In his maiden State of the Nation address last week, President Emmerson Mnangagwa concurred with the UNCTAD report and called for adoption of value addition and beneficiation policies. Over the years in Zimbabwe, he said, exports have been contributing more than 60 percent of the country’s foreign currency earnings, ahead of other sources, such as foreign direct investment and diaspora remittances. “Sadly, though, the country’s exports continue to be dominated by primary commodities, with minerals and tobacco contributing over 80 percent of the total export earnings,” said President Mnangagwa. He noted that manufactured products and services in the country were currently contributing less than 10 percent each, respectively, to total export earnings.

The President pledged increased Government focus towards a policy thrust with a bias on beneficiation and value addition of local exports to increase earnings.

In view of limited diversification in the region, UN Economic Commission for Africa director, Professor Said Adejumobi, warns that trade liberalisation without a robust and diversified industrial economy could be a recipe for disaster. To him Africa and Sadc in particular, need to urgently incorporate industrial and infrastructural development in the corpus of market integration. Sadc is key member of the Tripartite Free Trade Area (TFTA), a flagship project of the African Union’s Agenda 2063, whose negotiations are being concluded. The initiative is aimed at integrating African economies in creating a regional free trade area for 26 African countries of 632 million people. This geographic segment represents 51 percent of Africa’s Gross Domestic Product (GDP) and is constituted by three regional economic communities — Comesa, Sadc and the EAC.

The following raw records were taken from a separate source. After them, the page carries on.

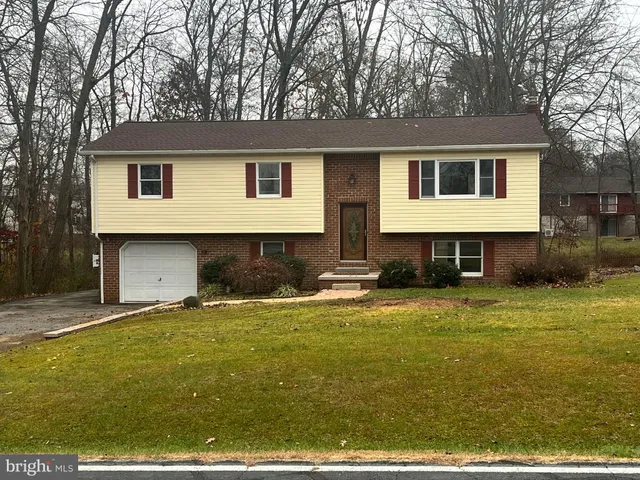 $360,000 | 279 Longstreet Drive, Gettysburg, PA 17325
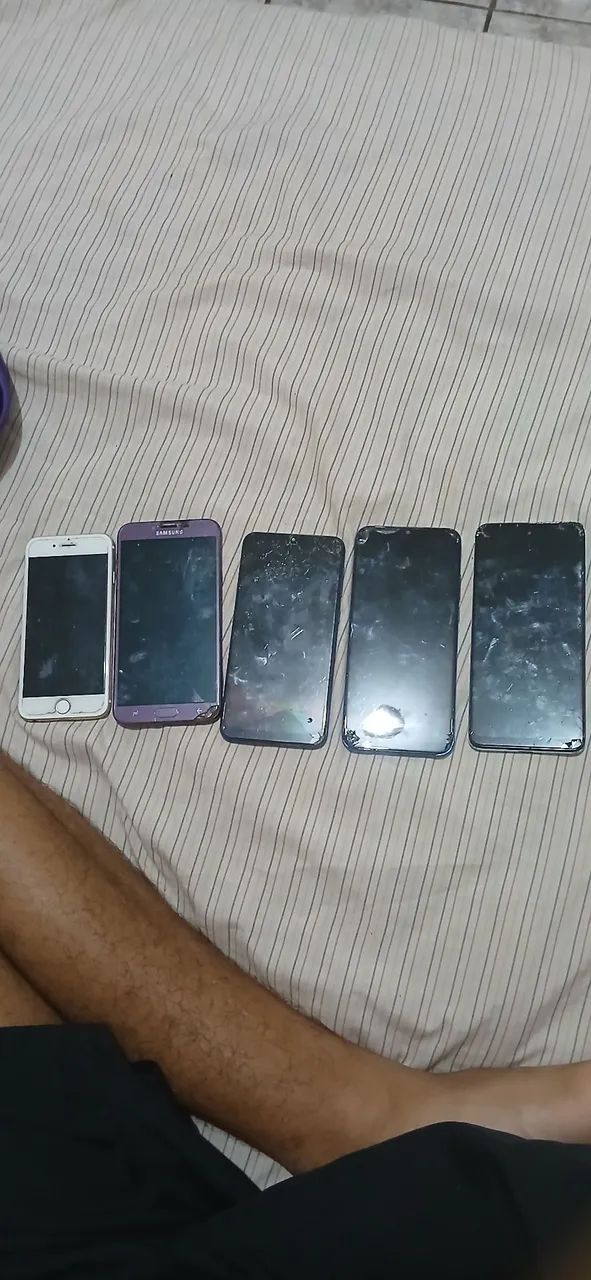 5 celulares quebrados (para retirada de peças) - Foto 2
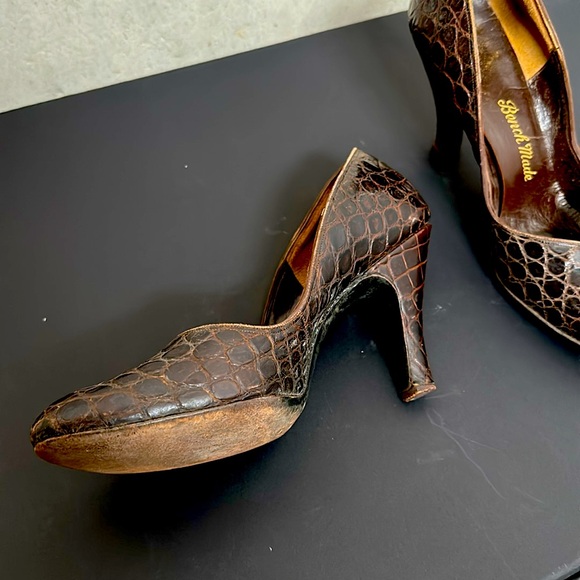 Vintage croc look leather pumps - Picture 2 of 3
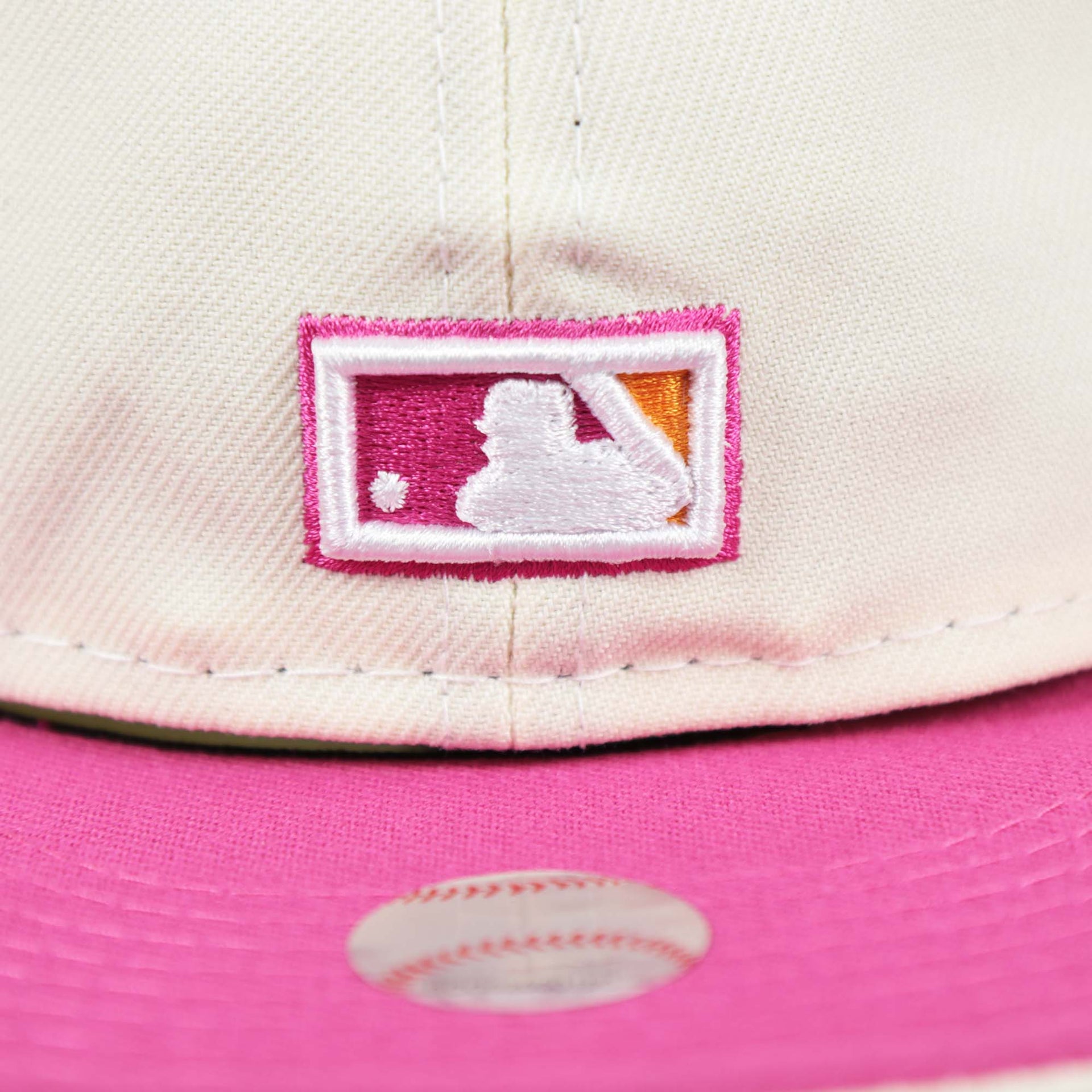 The Cooperstown MLB Batterman Logo on the Cooperstown New York Yankees Coffee Shop 1952 All Star Game Liberty Bell Side Patch 59Fifty Fitted Cap | Donut Pack Off White 59Fifty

“In many African countries and those of Southern and Eastern Africa, the process of de-industrialisation has not abated. Manufacturing as a share of GDP continues to fall. Market or trade liberalisation without enhanced production will be a recipe for disaster,” said Prof Adejumobi.

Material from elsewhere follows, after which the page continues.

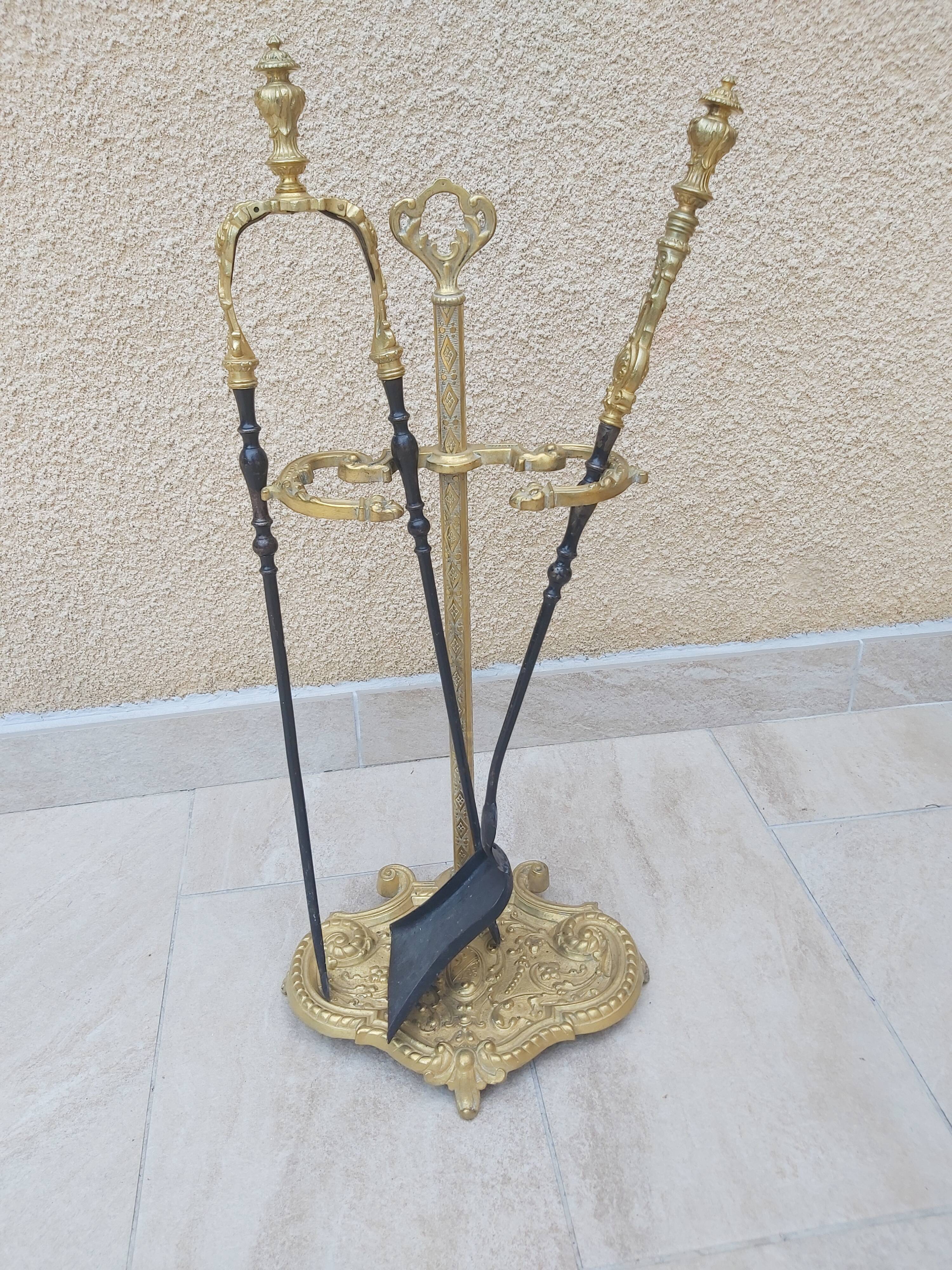 Bronze and iron fireplace kit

“What we may likely see would be the capture of those markets by rebranded but dumped goods from other parts of the world mostly Asia, Europe and America. Conscious efforts must be made in the industrial pillar of the TFTA to promote the development of indigenous capitalist or entrepreneurial class that would increasingly assume a multinational character.”

Already the World Bank doing business report for 2017, shows that Sub-Saharan Africa continues to perform poorly, with Sadc occupying bottom position on many indicators. In this regard Prof Adejumobi contends that the Sadc Industrialisation Strategy and Roadmap of 2015, the Comesa Industrialisation Policy and EAC Industrial Policy agenda must coalesce together to tame disconnect and discontinuities in the industrial focus of three organisations and their member states. Sadc is already seized with the regional industrialisation agenda, which was adopted in 2014 following realisation that robust industrialisation was critical to cementing sustainable economic integration and fulfilling founding fathers’ dream of economic freedom. With regards to Zambia, UNCTAD has recommended that the country introduces polices that will help build a resilient economy through counter-cyclical fiscal policy, pursuing diversification and promoting good governance. Other policies include expanding linkages of commodity sectors with the local economy and promoting inclusive growth through social protection, investing in human capital and pursuing transparent policies.

The UNCTAD report, thus, shows over and above that in the absence of vibrant and diversified industries, Comesa could remain a perennial raw commodity hub and an easy market for finished high value products from the East and the Western economies. This calls for strengthening of the industrial pillar to boost the productive capacities of member states and promote value addition and beneficiation. Such efforts would require to be buttressed by development of a sound regional infrastructure and eliminating ease of doing constraints to open up the bloc to investors.